Al entrenador Pablo Comelles le informaron dos días antes del partido inaugural que Sergio Módica y Daniel Ríos debían purgar una fecha de suspensión. Además, el delantero Cristian Calabrese fue habilitado horas antes del juego. La transformación de nuestro fútbol
El viaje al pasado siempre es necesario, sobre todo para aprender de los errores. Algunas de esas derrotas "enseñaron". Hoy, como nunca, nuestro fútbol cambió una de sus credenciales. La imagen de los clubes cordobeses yéndose de pretemporada con sus refuerzos listos (con el título de tales y no de incorporaciones experimentales) es una de ellas. Es parte del orden, que busca imponerse como base para buscar los resultados deportivos.

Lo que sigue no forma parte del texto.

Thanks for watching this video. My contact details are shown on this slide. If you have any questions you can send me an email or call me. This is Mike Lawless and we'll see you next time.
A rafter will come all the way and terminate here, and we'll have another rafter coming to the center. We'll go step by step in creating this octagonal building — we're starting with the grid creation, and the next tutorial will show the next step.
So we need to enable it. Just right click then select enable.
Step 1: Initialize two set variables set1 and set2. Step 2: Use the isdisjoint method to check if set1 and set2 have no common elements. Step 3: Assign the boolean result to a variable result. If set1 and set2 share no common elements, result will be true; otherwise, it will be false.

La demora de Belgrano en incorporar a Marco Pérez parece una historia salida de una época que los clubes cordobeses parecen haber dejado atrás, desde hace un tiempo. El DT Ricardo Zielinski tenía solución: si no llegaba el moreno, había un plan B con otro refuerzo o podía mirar hacia las inferiores. Hay solución y cuando levante la cabeza habrá un dirigente al lado y si no hay, el presidente Armando Pérez le atenderá el celular para que terminar de planear lo que será la apuesta a quedarse en Primera o quizá, una copa internacional.
En Instituto, Racing, Talleres y Juniors directamente sus entrenadores Darío Franco, Gustavo Coleoni, Arnaldo Sialle y Carlos Enrique, respectivamente, han podido inclusive trabajar ya con sus refuerzos, en las primeras prácticas posteriores al receso veraniego. Juan Sills y Mario Moreno, en la Gloria; Leandro Zárate y Daniel Giménez, en la Academia (luego se sumaría Germán Noce); Alexis Olivera y Nicolás Ballestero, en Talleres; Javier Correa y Maximiliano Villa, en el Albo.

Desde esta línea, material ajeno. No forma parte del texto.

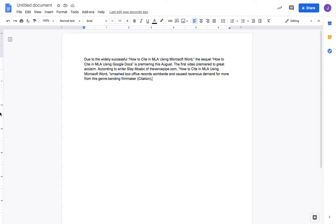In a follow-up to the parent video about how to cite in MLA using Microsoft Word, which you can find linked in the description, I made this video discussing how you can use features in Google Docs to cite easily in your paper. The first video discussed general rules and MLA formatting, so I won't go over that now.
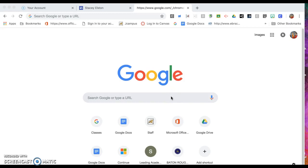Hi, this is Mrs. Elston and this is a tutorial to help you log into your child's Google account or to help your child log into their Google Classroom from home.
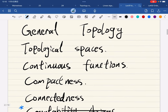Alright, so we're starting a new course. It's called General Topology, and for this course we're going to get through some topics.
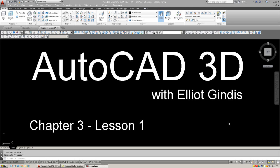Hello and welcome to AutoCAD 3D Lectures with your instructor, Elliot Gindis. This is now Chapter 3, Lesson 1, and the topic of this chapter is Boolean Operations and Primitives.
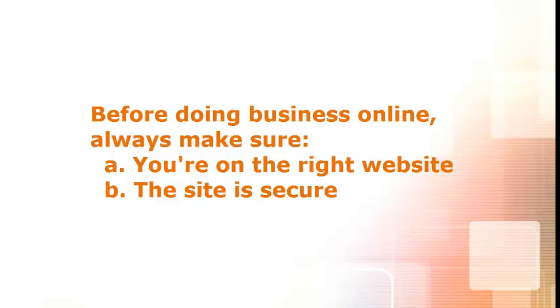Whenever you do any online transactions, you need to be sure you're on the correct website and that this website is secure. But how can you know this?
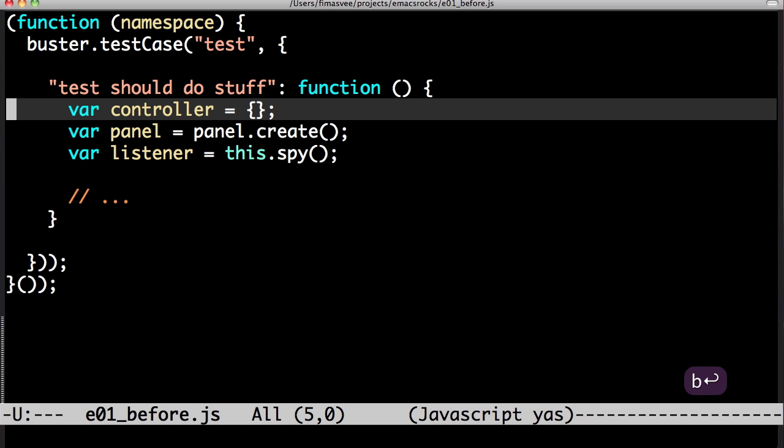I've been doing lots of JavaScript testing lately and every so often I get this situation. I have some local variables and I want to extract them into the setup method. So let's do that.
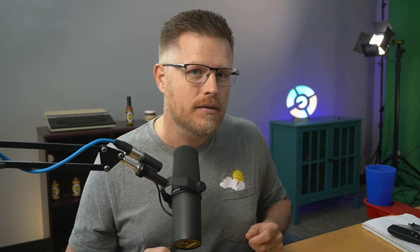Well, good news. Sleuth — the most accurate Accelerate Metrics tracker — can give you this effortless visibility, and I'll walk you through it.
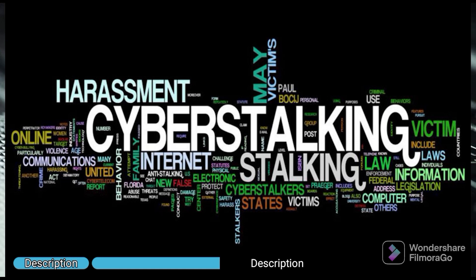2. Cyber stalking. Cyber stalking is the use of the internet or other electronic means to stalk or harass an individual, group, or organization.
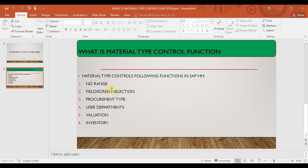The next one is valuation. What type of valuation is allowed for your material type is also a control function. The types of valuation allowed for a material are controlled by the material type.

Es más, en algunos casos, como el de Talleres, el trabajo a plantel completo arrancó en el inicio de la temporada. Llegaron 12 refuerzos y jugaron, con la excepción de Sebastián Domínguez.

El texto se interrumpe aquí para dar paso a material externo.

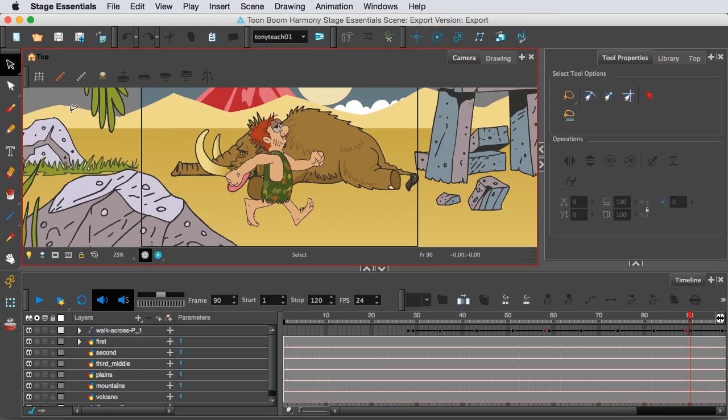If you're more familiar with using Toon Boom Studio than using Toon Boom Harmony Essentials, there are a few things you should know.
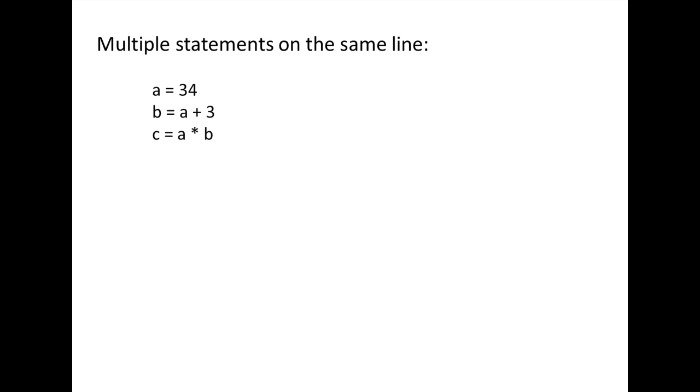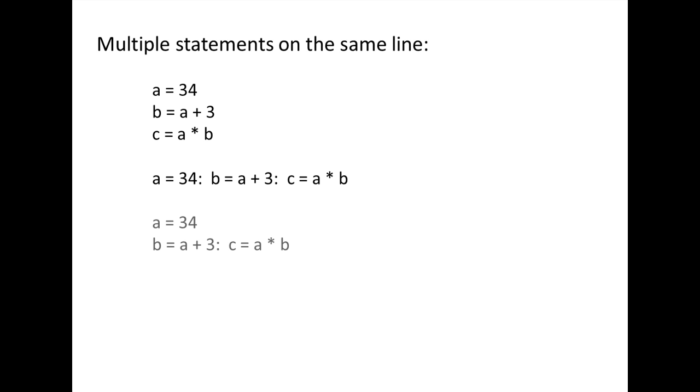the three lines of code a equals 34, b equals a plus 3, c equals a times b is equivalent to a equals 34 colon, b equals a plus 3 colon, c equals a times b. You can even write the three commands as a equals 34 and then on the next line, b equals a plus 3 colon, c equals a times b.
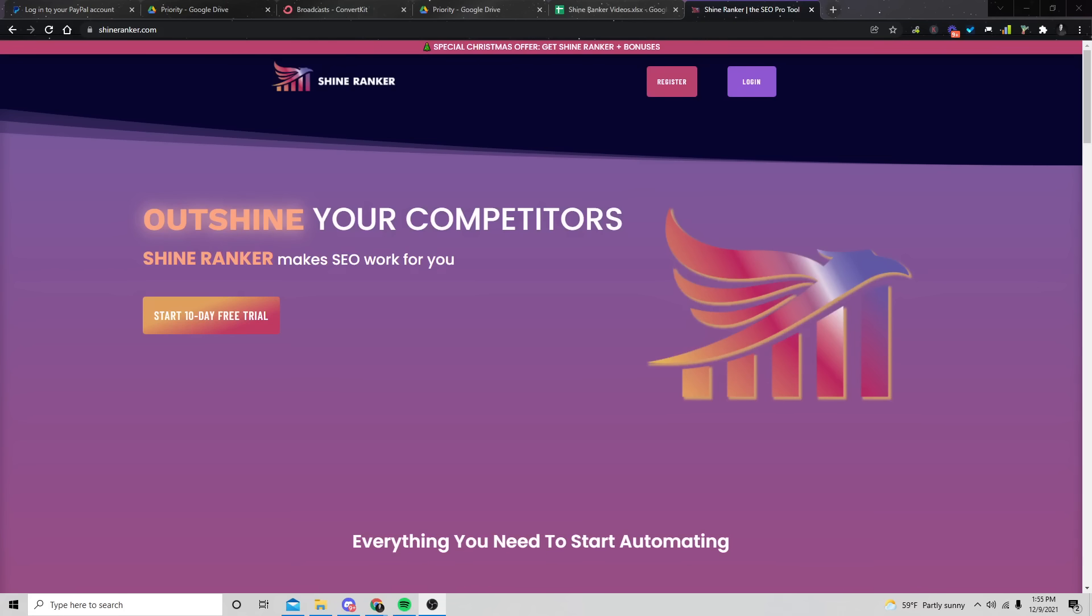What's up SEO pros? Welcome back. Chase Reiner here. And today I want to share with you how you can make up to a thousand dollars a day just by changing simple URLs on a website.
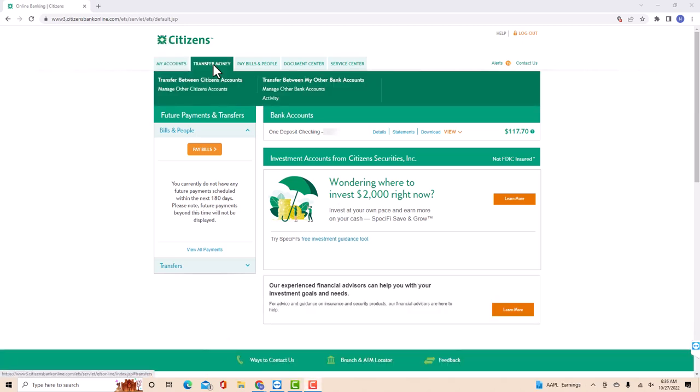On the drop-down list, you will see an option for transfer between my other bank accounts. Click on transfer between my other bank accounts.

Hoy los DT de turno saben los jugadores que tendrán y, además, tienen las condiciones dadas para poder desarrollar la mejor gestión. Como los futbolistas, su juego. Si el resultado deportivo no se da, será por una cuestión de capacidad y no por falta de un predio donde entrenar (¿se acuerdan de Belgrano entrenando en el Parque Sarmiento e Instituto en una inhóspita La Agustina?), de lugares para concentrar (como aquel desalojo al plantel de Talleres que dirigía Madelón, en Mendoza, horas antes de jugar) o por planteles formados sobre la hora o con el torneo en marcha o porque había jugadores que se iban en plena competencia para priorizar sus proyectos personales (como el caso del emblemático Lussenhoff, en Talleres, quien se fue a España para ser gerenciador del Xerez, cuando el equipo más necesitaba de él y cuando volvió, lo hizo fuera de forma).
Hubo varias de esas escenas en la película de cómo quebraron Belgrano y Talleres, y cómo se quedaron al borde Instituto y Racing. En algunos casos, en el mismo momento en el que se levantaban algunas copas. Nada detuvo las caídas institucionales de cada uno y de dónde se salió o se quiere salir.